-- Data records follows --
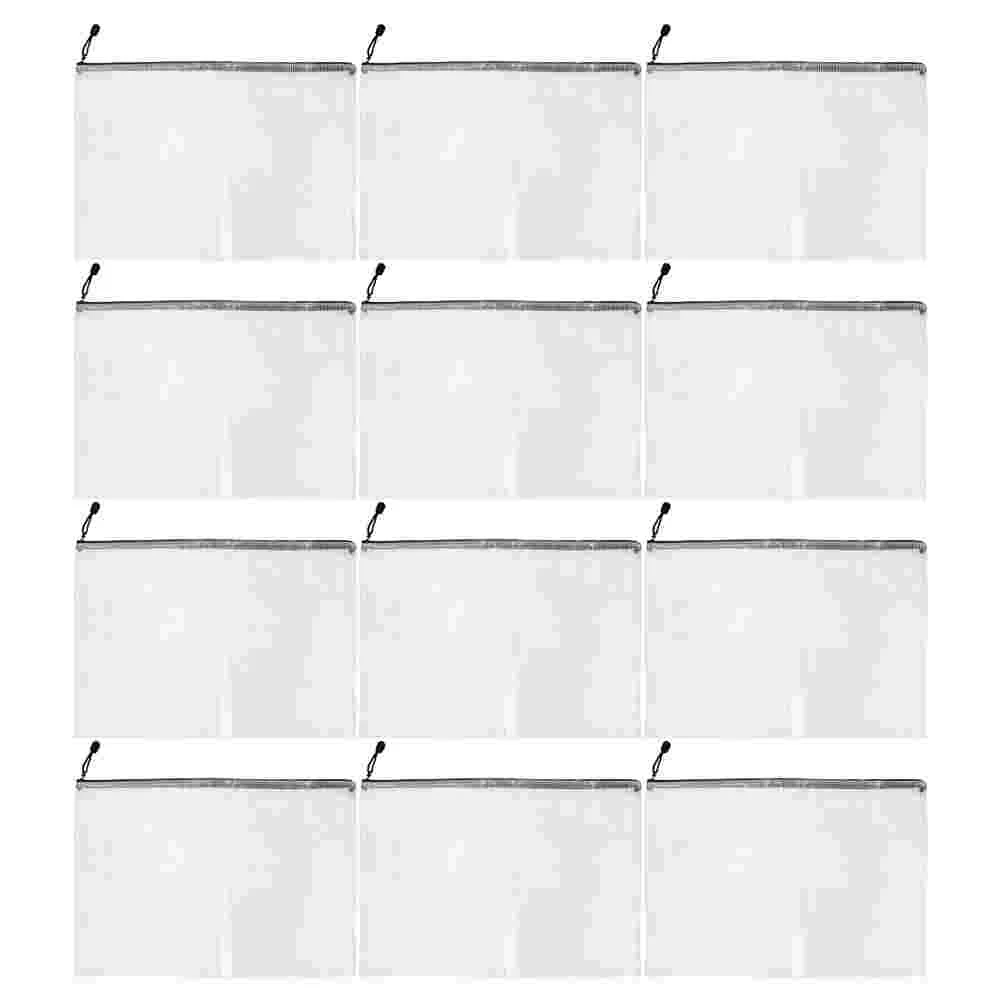 

12Pcs Practical File Bags Stationery Containers Zippered Pockets (White)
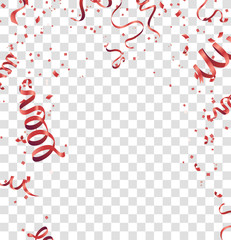 Abstract background red confetti background Celebration Vector Festive Illustration of Falling Shiny Glitters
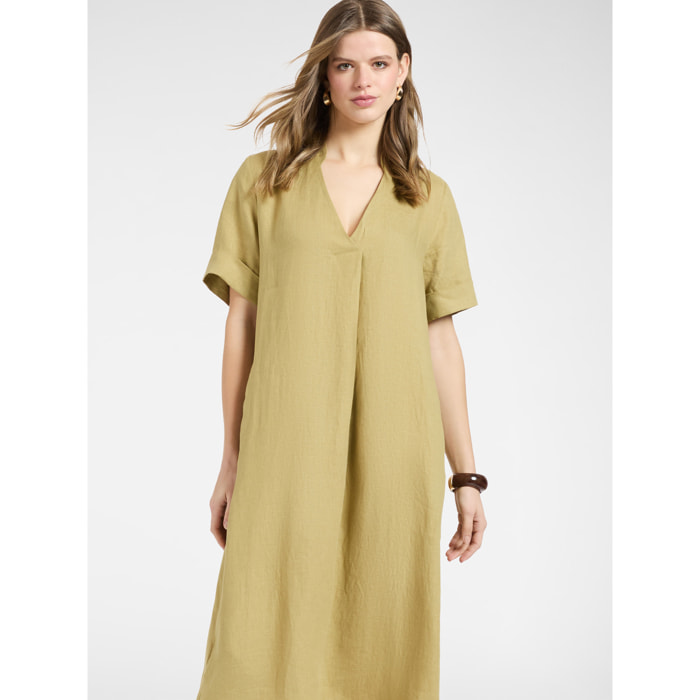 Elena Mirò - Vestido de lino con escote en V - Verde claro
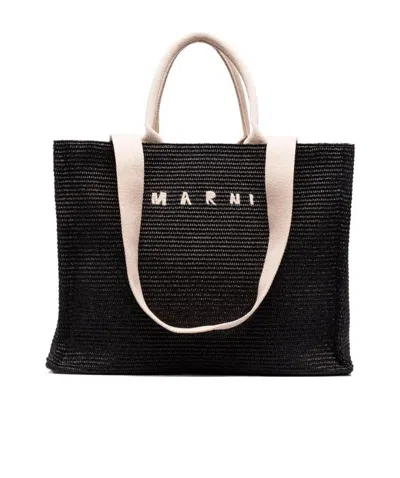 MARNI MARNI LOGO EMBROIDERED RAFFIA TOP HANDLE TOTE BAG
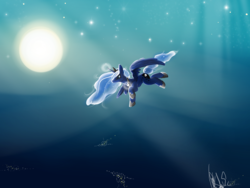 Size: 1600x1200 | Tagged: safe, artist:timelessreference, princess luna, pony, g4, female, flying, glowing, moon, solo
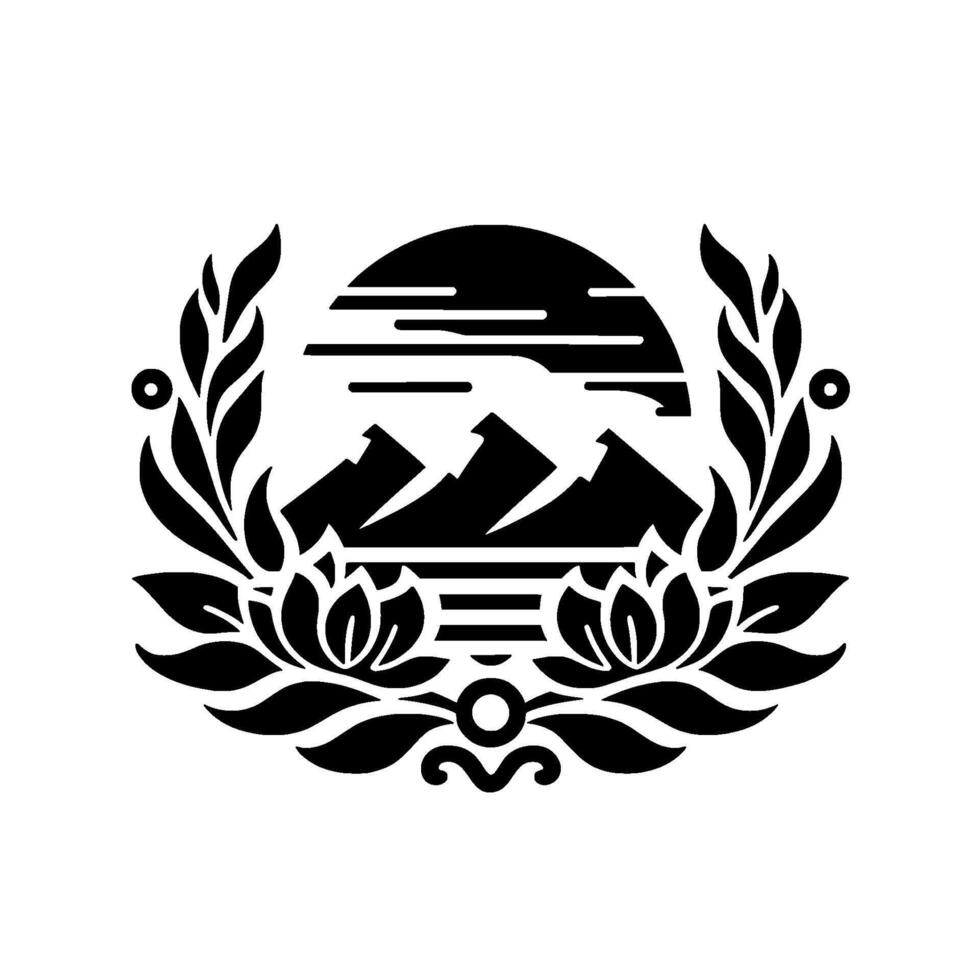 Elegant Crest Mountains, Lotus, Laurel Wreath Black White vector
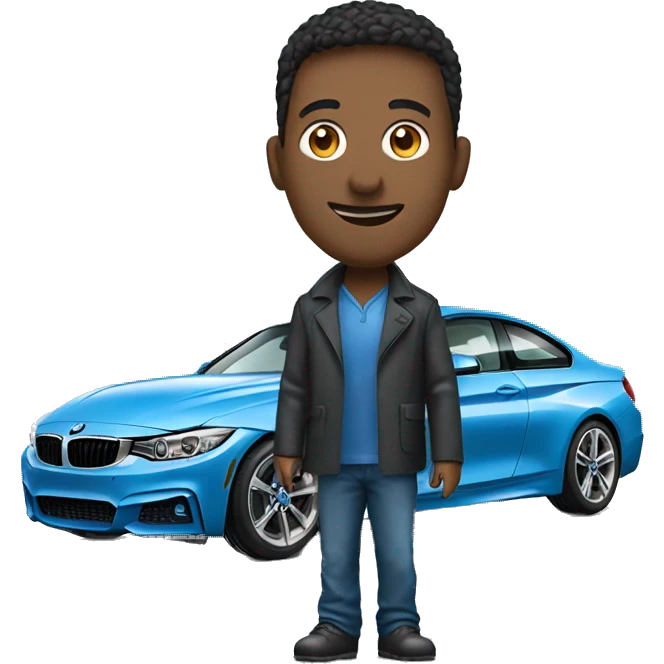 One man in glass standing near blue bmw 4 emoji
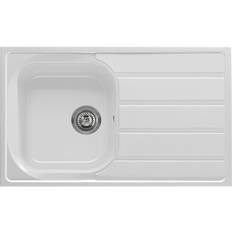 Kitchen Sinks Liquida DK5WH 1.0 Bowl Compact SMC Inset Reversible White Kitchen Sink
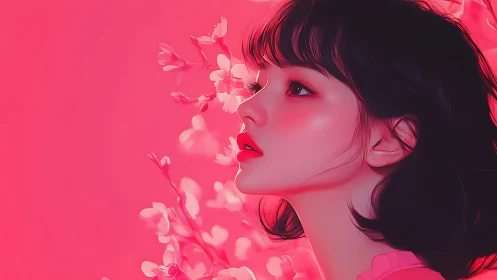 Soft neon portrait of girl gazing through bright cherry petals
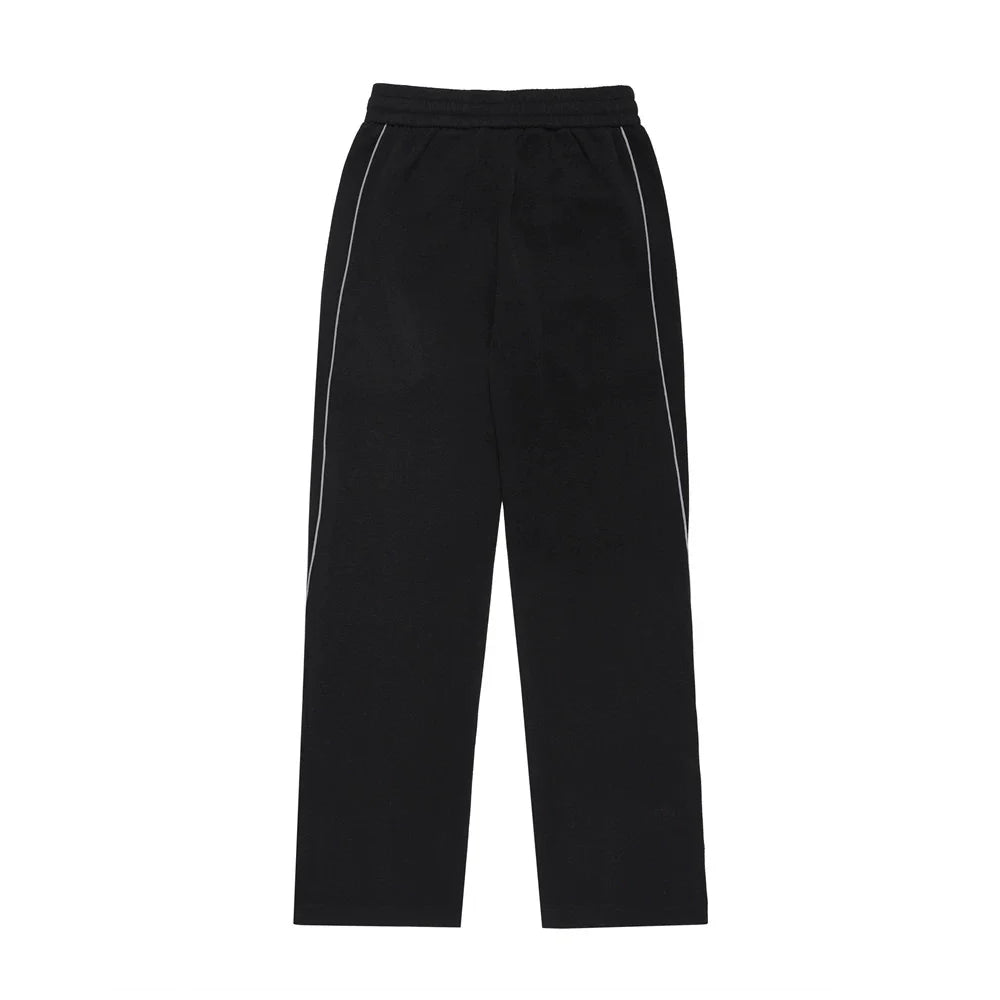 Men Sweatpants Stitching Contrast Color Casual Pants Loose Track Pants Drawstring Elastic Waist Straight-Leg Wide-Leg Pants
-- Data records concluded --
◆ **Exercise objective**
Retype every entry verbatim and exclude the pictures from the copy.

◆ **Answer space**
12Pcs Practical File Bags Stationery Containers Zippered Pockets (White)
 Abstract background red confetti background Celebration Vector Festive Illustration of Falling Shiny Glitters
 Elena Mirò - Vestido de lino con escote en V - Verde claro
 MARNI MARNI LOGO EMBROIDERED RAFFIA TOP HANDLE TOTE BAG
 Size: 1600x1200 | Tagged: safe, artist:timelessreference, princess luna, pony, g4, female, flying, glowing, moon, solo
 Elegant Crest Mountains, Lotus, Laurel Wreath Black White vector
 One man in glass standing near blue bmw 4 emoji
 Kitchen Sinks Liquida DK5WH 1.0 Bowl Compact SMC Inset Reversible White Kitchen Sink
 Soft neon portrait of girl gazing through bright cherry petals
 Men Sweatpants Stitching Contrast Color Casual Pants Loose Track Pants Drawstring Elastic Waist Straight-Leg Wide-Leg Pants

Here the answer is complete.